SUPPLIED RECORDS:

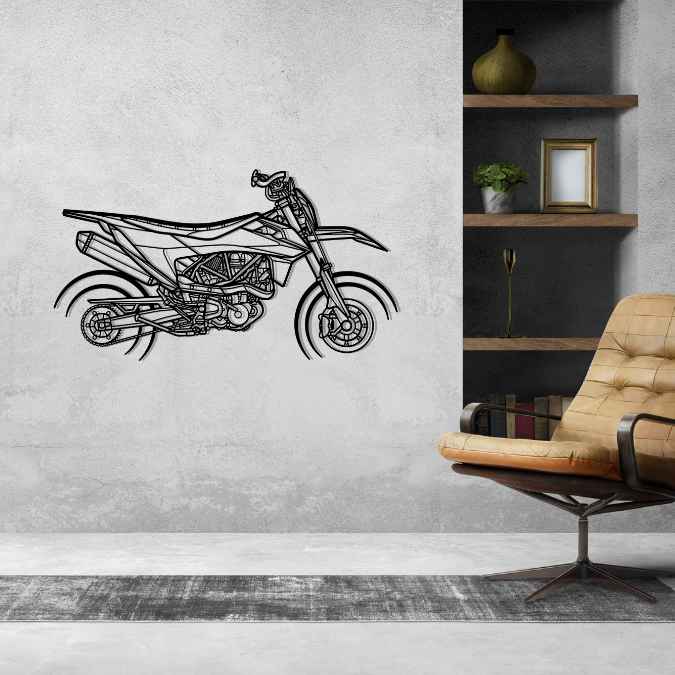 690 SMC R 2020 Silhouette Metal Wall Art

---

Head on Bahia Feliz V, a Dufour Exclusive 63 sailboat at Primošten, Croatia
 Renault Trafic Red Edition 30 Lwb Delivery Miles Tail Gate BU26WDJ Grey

--

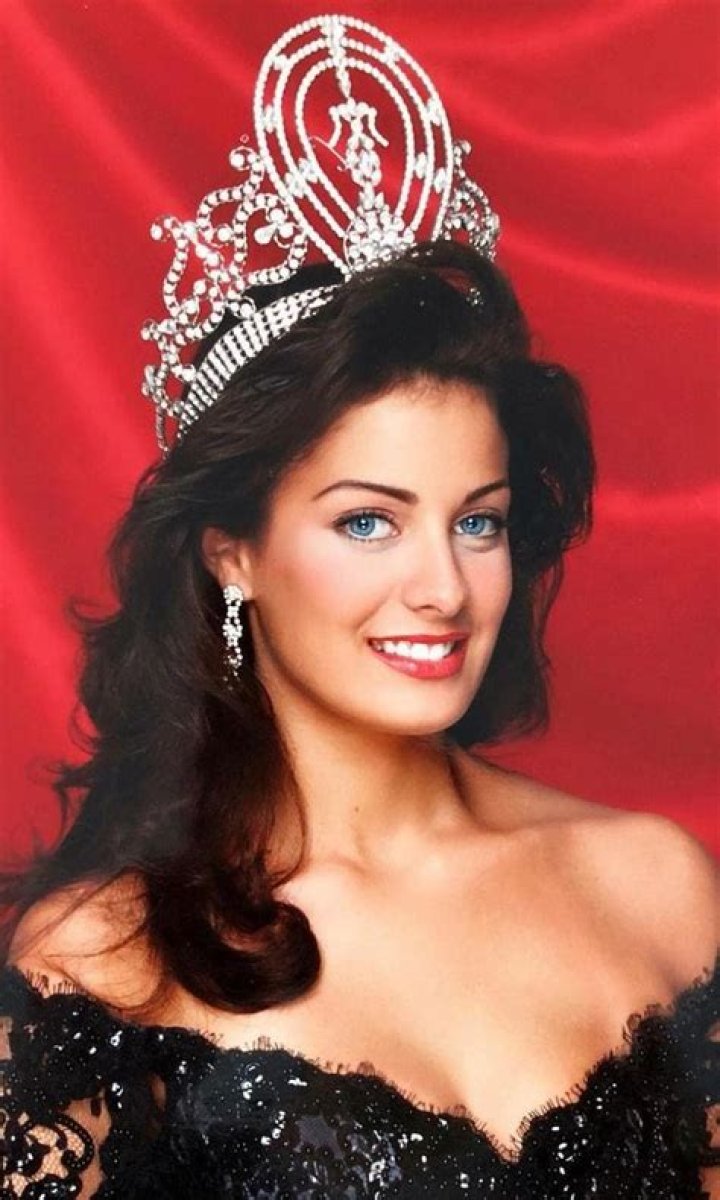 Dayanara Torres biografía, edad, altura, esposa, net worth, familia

ACTIVITY: Repeat the entries above verbatim, but only from the line that has "Head on Bahia" down to the line that has "Renault Trafic Red", inclusive.

OUTPUT BELOW:
Head on Bahia Feliz V, a Dufour Exclusive 63 sailboat at Primošten, Croatia
 Renault Trafic Red Edition 30 Lwb Delivery Miles Tail Gate BU26WDJ Grey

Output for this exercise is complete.